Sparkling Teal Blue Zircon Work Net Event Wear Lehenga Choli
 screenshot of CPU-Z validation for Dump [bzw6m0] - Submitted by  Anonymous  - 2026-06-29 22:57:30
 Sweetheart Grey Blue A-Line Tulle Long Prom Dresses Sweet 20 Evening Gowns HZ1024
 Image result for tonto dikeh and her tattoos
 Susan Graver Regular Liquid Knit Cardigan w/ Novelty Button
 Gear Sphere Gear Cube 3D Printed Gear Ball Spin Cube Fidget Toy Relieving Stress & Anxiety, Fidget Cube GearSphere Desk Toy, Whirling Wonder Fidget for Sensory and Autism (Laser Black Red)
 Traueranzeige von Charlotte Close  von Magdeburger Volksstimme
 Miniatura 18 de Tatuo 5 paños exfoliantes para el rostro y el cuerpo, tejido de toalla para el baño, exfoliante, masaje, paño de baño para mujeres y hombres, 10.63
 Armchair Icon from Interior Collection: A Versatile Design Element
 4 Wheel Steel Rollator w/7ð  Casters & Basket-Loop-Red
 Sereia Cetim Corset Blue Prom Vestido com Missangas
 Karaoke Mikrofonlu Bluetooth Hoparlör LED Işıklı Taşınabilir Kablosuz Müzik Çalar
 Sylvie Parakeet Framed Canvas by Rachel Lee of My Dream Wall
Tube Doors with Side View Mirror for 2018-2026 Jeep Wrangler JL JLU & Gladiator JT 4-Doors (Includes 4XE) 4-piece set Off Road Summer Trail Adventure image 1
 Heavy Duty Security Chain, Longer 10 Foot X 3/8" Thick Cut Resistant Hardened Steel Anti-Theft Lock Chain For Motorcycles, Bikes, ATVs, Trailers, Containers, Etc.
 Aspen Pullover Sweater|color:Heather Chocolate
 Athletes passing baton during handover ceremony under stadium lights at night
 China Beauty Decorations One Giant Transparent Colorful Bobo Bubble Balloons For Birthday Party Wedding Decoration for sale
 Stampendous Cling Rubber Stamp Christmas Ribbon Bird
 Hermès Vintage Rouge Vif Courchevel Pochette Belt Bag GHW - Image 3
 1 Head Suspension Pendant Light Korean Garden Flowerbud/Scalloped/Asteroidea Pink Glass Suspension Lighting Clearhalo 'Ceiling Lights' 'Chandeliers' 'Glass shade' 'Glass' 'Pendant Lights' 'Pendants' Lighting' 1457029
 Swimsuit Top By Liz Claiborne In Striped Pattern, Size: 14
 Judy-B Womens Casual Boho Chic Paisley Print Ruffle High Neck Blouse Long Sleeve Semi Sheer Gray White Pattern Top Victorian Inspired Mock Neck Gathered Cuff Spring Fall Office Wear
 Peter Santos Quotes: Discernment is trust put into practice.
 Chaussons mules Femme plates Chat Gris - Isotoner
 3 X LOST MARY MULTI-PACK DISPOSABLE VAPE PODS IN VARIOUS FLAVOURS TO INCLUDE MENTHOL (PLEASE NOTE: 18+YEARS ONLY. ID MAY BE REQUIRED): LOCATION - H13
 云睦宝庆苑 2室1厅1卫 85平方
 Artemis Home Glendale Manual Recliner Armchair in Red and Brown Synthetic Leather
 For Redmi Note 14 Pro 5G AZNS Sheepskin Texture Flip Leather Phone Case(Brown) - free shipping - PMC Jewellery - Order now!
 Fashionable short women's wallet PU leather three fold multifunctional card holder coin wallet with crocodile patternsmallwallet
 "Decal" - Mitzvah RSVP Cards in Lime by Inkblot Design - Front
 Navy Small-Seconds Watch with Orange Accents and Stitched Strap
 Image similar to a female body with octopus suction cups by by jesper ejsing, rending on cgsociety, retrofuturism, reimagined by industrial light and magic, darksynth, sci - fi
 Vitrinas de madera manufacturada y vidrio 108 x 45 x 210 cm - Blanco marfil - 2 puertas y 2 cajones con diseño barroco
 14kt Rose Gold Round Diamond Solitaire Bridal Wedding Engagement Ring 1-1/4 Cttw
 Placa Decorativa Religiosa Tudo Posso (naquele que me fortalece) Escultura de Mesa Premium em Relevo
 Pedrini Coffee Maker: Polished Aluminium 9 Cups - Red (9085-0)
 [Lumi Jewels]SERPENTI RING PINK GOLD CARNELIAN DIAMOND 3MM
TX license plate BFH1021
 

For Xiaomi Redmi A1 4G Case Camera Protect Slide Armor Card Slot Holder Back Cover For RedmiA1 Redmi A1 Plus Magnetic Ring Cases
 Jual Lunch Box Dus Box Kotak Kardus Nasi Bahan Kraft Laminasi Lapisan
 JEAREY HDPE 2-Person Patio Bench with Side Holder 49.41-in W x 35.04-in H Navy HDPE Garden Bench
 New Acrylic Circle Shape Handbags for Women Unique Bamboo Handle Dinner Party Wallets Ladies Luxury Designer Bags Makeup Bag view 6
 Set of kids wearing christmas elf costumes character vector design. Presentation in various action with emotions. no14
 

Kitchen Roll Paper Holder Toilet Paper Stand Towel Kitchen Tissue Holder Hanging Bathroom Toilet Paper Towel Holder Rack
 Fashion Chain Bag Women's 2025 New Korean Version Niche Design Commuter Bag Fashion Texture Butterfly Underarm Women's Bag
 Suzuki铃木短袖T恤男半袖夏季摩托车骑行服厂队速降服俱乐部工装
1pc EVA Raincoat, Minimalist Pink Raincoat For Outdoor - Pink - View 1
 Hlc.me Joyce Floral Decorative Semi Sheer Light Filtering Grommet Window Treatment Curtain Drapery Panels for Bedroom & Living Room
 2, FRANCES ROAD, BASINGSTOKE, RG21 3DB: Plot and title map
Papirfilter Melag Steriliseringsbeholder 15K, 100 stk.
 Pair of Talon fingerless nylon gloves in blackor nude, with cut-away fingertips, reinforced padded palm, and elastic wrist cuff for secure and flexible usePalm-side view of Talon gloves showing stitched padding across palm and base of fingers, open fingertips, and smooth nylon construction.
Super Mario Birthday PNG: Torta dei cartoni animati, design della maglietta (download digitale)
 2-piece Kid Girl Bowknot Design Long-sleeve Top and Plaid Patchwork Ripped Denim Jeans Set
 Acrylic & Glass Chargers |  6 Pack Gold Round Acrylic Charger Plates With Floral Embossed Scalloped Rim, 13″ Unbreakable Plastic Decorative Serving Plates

> [EXERCISE PROMPT]:
The line with "Athletes passing baton" is the last to include; transcribe exactly every line from the top of the material above down to it.

> [SOLVED EXERCISE]:
Sparkling Teal Blue Zircon Work Net Event Wear Lehenga Choli
 screenshot of CPU-Z validation for Dump [bzw6m0] - Submitted by  Anonymous  - 2026-06-29 22:57:30
 Sweetheart Grey Blue A-Line Tulle Long Prom Dresses Sweet 20 Evening Gowns HZ1024
 Image result for tonto dikeh and her tattoos
 Susan Graver Regular Liquid Knit Cardigan w/ Novelty Button
 Gear Sphere Gear Cube 3D Printed Gear Ball Spin Cube Fidget Toy Relieving Stress & Anxiety, Fidget Cube GearSphere Desk Toy, Whirling Wonder Fidget for Sensory and Autism (Laser Black Red)
 Traueranzeige von Charlotte Close  von Magdeburger Volksstimme
 Miniatura 18 de Tatuo 5 paños exfoliantes para el rostro y el cuerpo, tejido de toalla para el baño, exfoliante, masaje, paño de baño para mujeres y hombres, 10.63
 Armchair Icon from Interior Collection: A Versatile Design Element
 4 Wheel Steel Rollator w/7ð  Casters & Basket-Loop-Red
 Sereia Cetim Corset Blue Prom Vestido com Missangas
 Karaoke Mikrofonlu Bluetooth Hoparlör LED Işıklı Taşınabilir Kablosuz Müzik Çalar
 Sylvie Parakeet Framed Canvas by Rachel Lee of My Dream Wall
Tube Doors with Side View Mirror for 2018-2026 Jeep Wrangler JL JLU & Gladiator JT 4-Doors (Includes 4XE) 4-piece set Off Road Summer Trail Adventure image 1
 Heavy Duty Security Chain, Longer 10 Foot X 3/8" Thick Cut Resistant Hardened Steel Anti-Theft Lock Chain For Motorcycles, Bikes, ATVs, Trailers, Containers, Etc.
 Aspen Pullover Sweater|color:Heather Chocolate
 Athletes passing baton during handover ceremony under stadium lights at night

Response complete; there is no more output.